To define tests with overlapping transactions, we use test specification
files with a custom syntax, which is described in the next section.  To add
a new test, place a spec file in the specs/ subdirectory, add the expected
output in the expected/ subdirectory, and add the test's name to the
isolation_schedule file.

isolationtester is a program that uses libpq to open multiple connections,
and executes a test specified by a spec file. A libpq connection string
specifies the server and database to connect to; defaults derived from
environment variables are used otherwise.

pg_isolation_regress is a tool similar to pg_regress, but instead of using
psql to execute a test, it uses isolationtester.  It accepts all the same
command-line arguments as pg_regress.


Test specification
==================

Each isolation test is defined by a specification file, stored in the specs
subdirectory. A test specification consists of four parts, in this order:

setup { <SQL> }

  The given SQL block is executed once, in one session only, before running
  the test.  Create any test tables or other required objects here.  This
  part is optional.  Multiple setup blocks are allowed if needed; each is
  run separately, in the given order.  (The reason for allowing multiple
  setup blocks is that each block is run as a single PQexec submission,
  and some statements such as VACUUM cannot be combined with others in such
  a block.)

teardown { <SQL> }

  The teardown SQL block is executed once after the test is finished. Use
  this to clean up in preparation for the next permutation, e.g dropping
  any test tables created by setup. This part is optional.

session "<name>"

  There are normally several "session" parts in a spec file. Each
  session is executed in its own connection. A session part consists
  of three parts: setup, teardown and one or more "steps". The per-session
  setup and teardown parts have the same syntax as the per-test setup and
  teardown described above, but they are executed in each session. The
  setup part typically contains a "BEGIN" command to begin a transaction.

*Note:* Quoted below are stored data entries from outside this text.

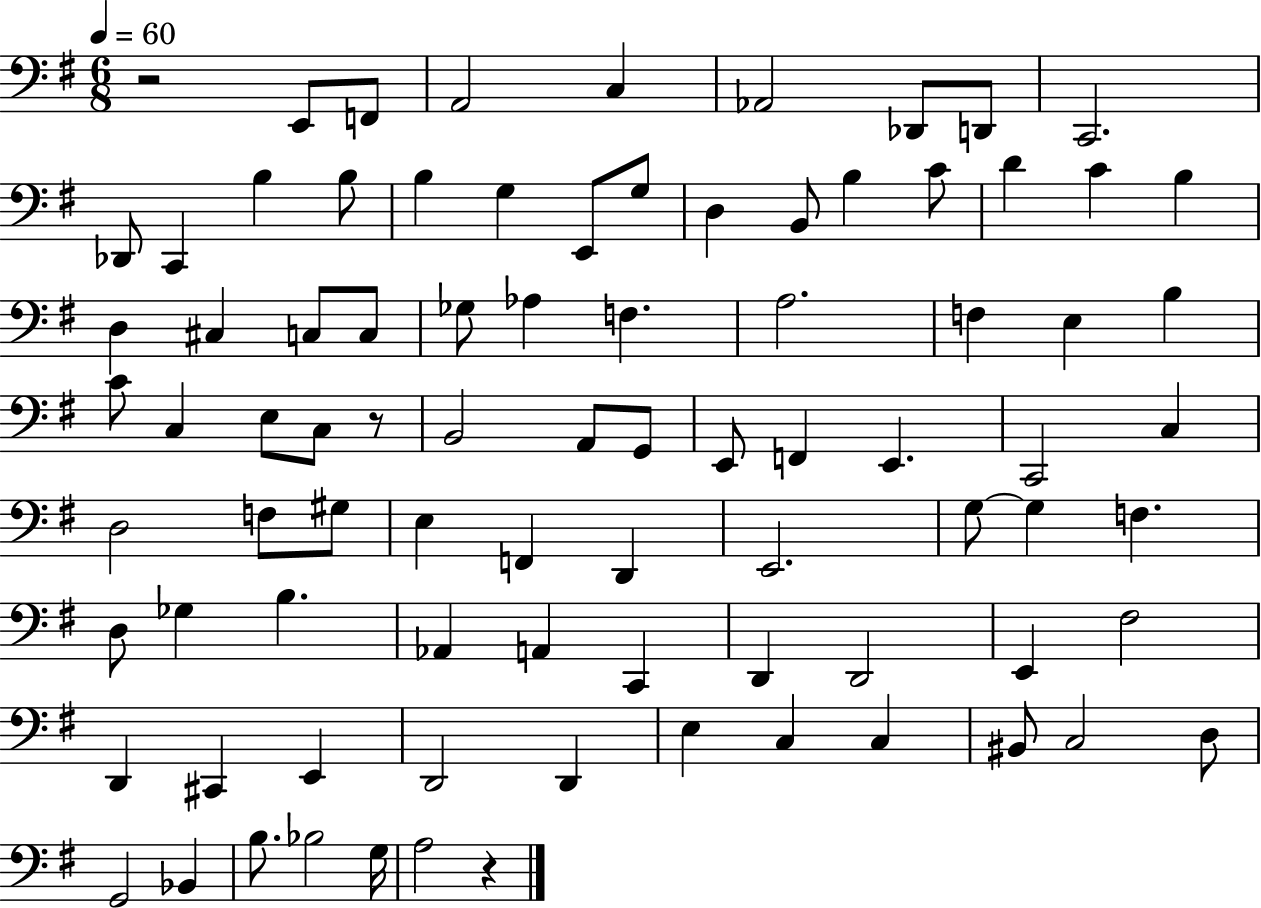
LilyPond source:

{
  \clef bass
  \numericTimeSignature
  \time 6/8
  \key g \major
  \tempo 4 = 60
  \repeat volta 2 { r2 e,8 f,8 | a,2 c4 | aes,2 des,8 d,8 | c,2. | \break des,8 c,4 b4 b8 | b4 g4 e,8 g8 | d4 b,8 b4 c'8 | d'4 c'4 b4 | \break d4 cis4 c8 c8 | ges8 aes4 f4. | a2. | f4 e4 b4 | \break c'8 c4 e8 c8 r8 | b,2 a,8 g,8 | e,8 f,4 e,4. | c,2 c4 | \break d2 f8 gis8 | e4 f,4 d,4 | e,2. | g8~~ g4 f4. | \break d8 ges4 b4. | aes,4 a,4 c,4 | d,4 d,2 | e,4 fis2 | \break d,4 cis,4 e,4 | d,2 d,4 | e4 c4 c4 | bis,8 c2 d8 | \break g,2 bes,4 | b8. bes2 g16 | a2 r4 | } \bar "|."
}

  Each step has the syntax

  step "<name>" { <SQL> }

  where <name> is a name identifying this step, and SQL is a SQL statement
  (or statements, separated by semicolons) that is executed in the step.
  Step names must be unique across the whole spec file.

permutation "<step name>" ...

  A permutation line specifies a list of steps that are run in that order.
  Any number of permutation lines can appear.  If no permutation lines are
  given, the test program automatically generates all possible orderings
  of the steps from each session (running the steps of any one session in
  order).  Note that the list of steps in a manually specified
  "permutation" line doesn't actually have to be a permutation of the
  available steps; it could for instance repeat some steps more than once,
  or leave others out.

Lines beginning with a # are considered comments.

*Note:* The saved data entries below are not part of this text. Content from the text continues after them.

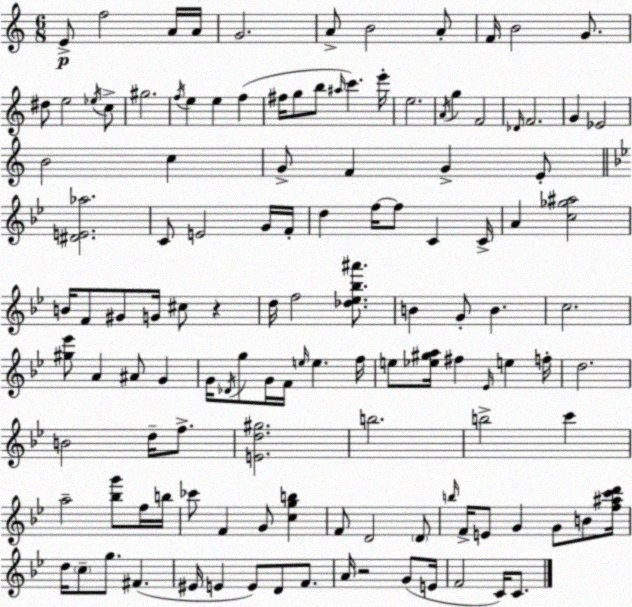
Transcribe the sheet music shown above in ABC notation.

X:1
T:Untitled
M:6/8
L:1/4
K:Am
E/2 f2 A/4 A/4 G2 A/2 B2 A/2 F/4 B2 G/2 ^d/2 e2 _e/4 c/2 ^g2 f/4 e e f ^f/4 g/2 b/2 ^a/4 c' e'/4 e2 A/4 g F2 _D/4 F2 G _E2 B2 c G/2 F G E/2 [^DE_a]2 C/2 E2 G/4 F/4 d f/4 f/2 C C/4 A [c_g^a]2 B/4 F/2 ^G/2 G/4 ^c/2 z d/4 f2 [_d_e_b^a']/2 B G/2 B c2 [^g_e']/2 A ^A/2 G G/4 _D/4 g/2 G/4 F/4 e/4 e f/4 e/2 [_e^ga]/4 ^f _E/4 e f/4 d2 B2 d/4 f/2 [Ed^g]2 b2 b2 c' a2 [_bg']/2 f/4 b/4 _c'/2 F G/2 [cgb] F/2 D2 D/2 b/4 F/4 E/2 G G/2 B/2 [f^ac'd']/4 d/4 c/2 g/2 ^F ^E/4 E E/2 D/2 F/2 A/4 z2 G/2 E/4 F2 C/4 C/2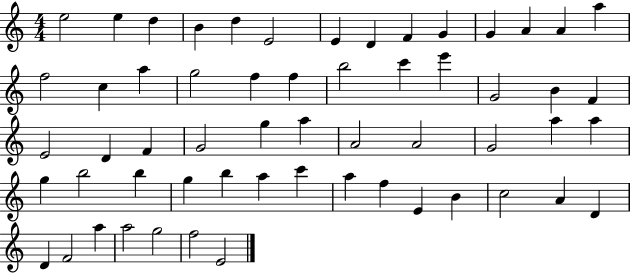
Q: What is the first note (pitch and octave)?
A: E5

For each permutation of the session steps (whether these are manually
specified in the spec file, or automatically generated), the isolation
tester runs the main setup part, then per-session setup parts, then
the selected session steps, then per-session teardown, then the main
teardown script.  Each selected step is sent to the connection associated
with its session.


Support for blocking commands
=============================

Each step may contain commands that block until further action has been taken
(most likely, some other session runs a step that unblocks it or causes a
deadlock).  A test that uses this ability must manually specify valid
permutations, i.e. those that would not expect a blocked session to execute a
command.  If a test fails to follow that rule, isolationtester will cancel it
after 60 seconds.  If the cancel doesn't work, isolationtester will exit
uncleanly after a total of 75 seconds of wait time.  Testing invalid
permutations should be avoided because they can make the isolation tests take
a very long time to run, and they serve no useful testing purpose.

Note that isolationtester recognizes that a command has blocked by looking
to see if it is shown as waiting in the pg_locks view; therefore, only
blocks on heavyweight locks will be detected.